I have a script that I built following the blueprint in the book Learning Python for Forensics. The script will go through a directory specified by the user and collect the metadata for each file in the directory. The results are saved to a sqlite database and also written to a CSV or HTML file.
The script was originally written in Python 2.7.15. I am trying to update the code for Python 3.7. However, there is one line in the ingest directory function that is giving me issues.
The ingestDirectory
function looks like this:
def ingestDirectory(cur, source, custodian_id):
count = 0
for root, folders, files in os.walk(source):
for file_name in files:
meta_data = dict()
try:
meta_data['file_name'] = file_name
meta_data['file_path'] = os.path.join(root, file_name)
meta_data['extension'] = os.path.splitext(file_name)[-1]
file_stats = os.stat(meta_data['file_path'])
meta_data['mode'] = oct(file_stats.st_mode)
meta_data['inode'] = int(file_stats.st_ino)
meta_data['file_size'] = int(file_stats.st_size)
meta_data['atime'] = formatTimestamp(file_stats.st_atime)
meta_data['mtime'] = formatTimestamp(file_stats.st_mtime)
meta_data['ctime'] = formatTimestamp(file_stats.st_ctime)
except Exception as e:
logging.error('Could not gather data for file: ' + meta_data['file_path'] + e.__str__())
meta_data['custodian'] = custodian_id
columns = '","'.join(meta_data.keys())
values = '","'.join(str(x).encode('string_escape') for x in meta_data.values())

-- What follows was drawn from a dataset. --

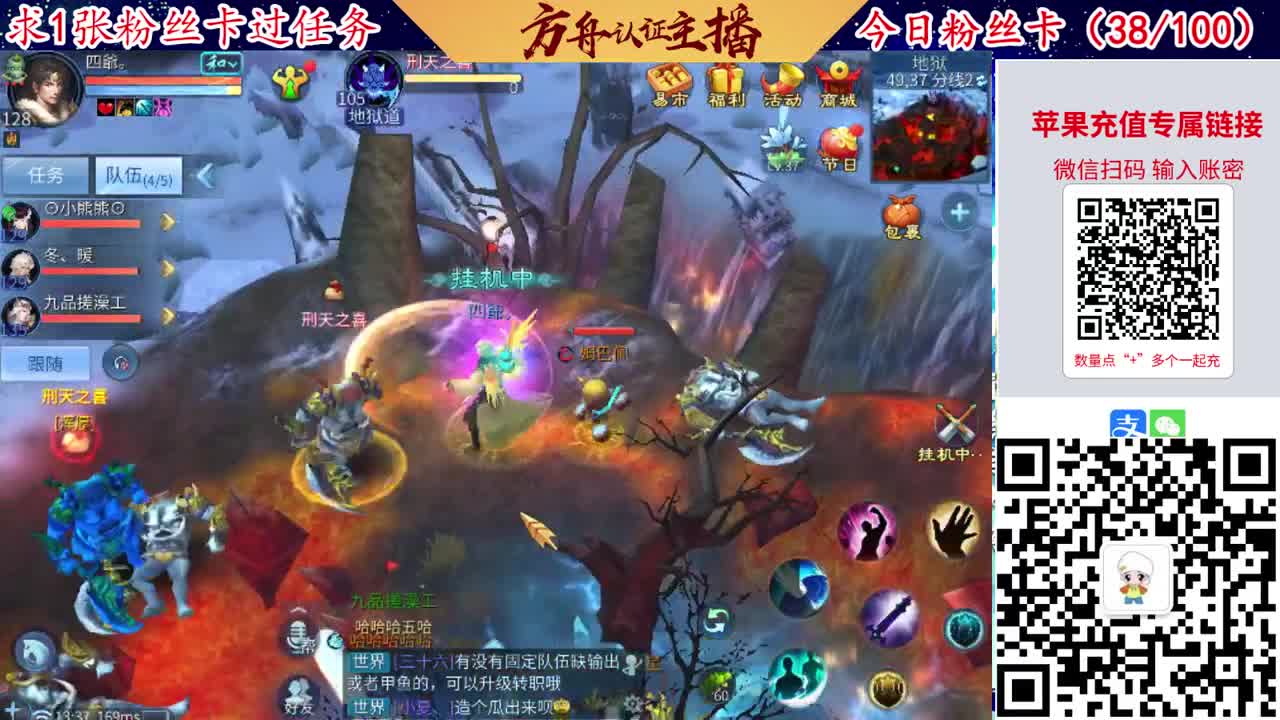 接强化补缀洗宝宝开性格 第3段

sql = 'INSERT INTO Files ("' + columns + '") VALUES ("' + values + '")'
cur.execute(sql)
count += 1
The line that is giving me errors is this:
values = '","'.join(str(x).encode('string_escape') for x in meta_data.values())
This line is meant to handle any string escape characters found in metadata.values
before writing the data to the database.
When I tried to run this code in Python 3 I got an error about an unrecognized codec. I did some research hear on Stack Overflow and found that string_escape
has been replaced with unicode-escape
in Python 3.
I am fairly new to Python 3 and Unicode. My question is this:
How do I update the line above so that it uses unicode-escape
instead of string_escape
and produces the same result as the Python 2.7 code?
Any help would be appreciated! I have been working on this for several days now and every solution I try just results in more error codes or corrupted output files.
You are generating SQL in that piece of code, and escaping was there to try and produce valid SQL. It's a very poor-man's attempt at avoiding SQL injection. It's not very effective, and isn't needed as the database driver already knows how to take care of this, in a much safer fashion!
For SQL databases, the correct way to put the values into SQL parameters. SQL parameters consist of two components: placeholders, and values passed in separately to the .execute()
method for the database to cleanly handle. The sqlite3
library is no exception, see the cursor.execute()
method for details. For your case, you can use named placeholders:
columns = [f'''"{name.replace('"', '""')}"''' for name in meta_data]
placeholders = [f':{name}' for name in meta_data]
sql = f'INSERT INTO Files ({", ".join(columns)}) VALUES ({", ".join(placeholders)})'
cur.execute(sql, meta_data)
Note that meta_data
is passed as a second argument; the database takes each :name
placeholder and takes the value for that placeholder from the meta_data
dictionary.
I also properly formatted the column names, by putting double quotes around them and doubling any "
characters in the name; see the SQLite keyword documentation:
'keyword' A keyword in single quotes is a string literal.
"keyword" A keyword in double-quotes is an identifier.
Your code has hardcoded those column names and none of them are reserved SQL keywords, so they don't really need this protection, but it is still good practice.
For your code, where meta_data
has a fixed number of keys, the above builds this sql
string:
>>> columns = [f'''"{name.replace('"', '""')}"''' for name in meta_data]
>>> placeholders = [f':{name}' for name in meta_data]
>>> sql = f'INSERT INTO Files ({", ".join(columns)}) VALUES ({", ".join(placeholders)})'
>>> from pprint import pprint
>>> pprint(sql)
('INSERT INTO Files ("file_name", "file_path", "extension", "mode", "inode", '
'"file_size", "atime", "mtime", "ctime") VALUES (:file_name, :file_path, '
':extension, :mode, :inode, :file_size, :atime, :mtime, :ctime)')
I'd also change the way you log the error, instead of
logging.error('Could not gather data for file: ' + meta_data['file_path'] + e.__str__())
I'd use
logging.exception('Could not gather data for file: %s', meta_data['file_path'])
and leave the error gathering to the logging framework. Even if you do include the exception object, use str(e)
or a %s
placeholder.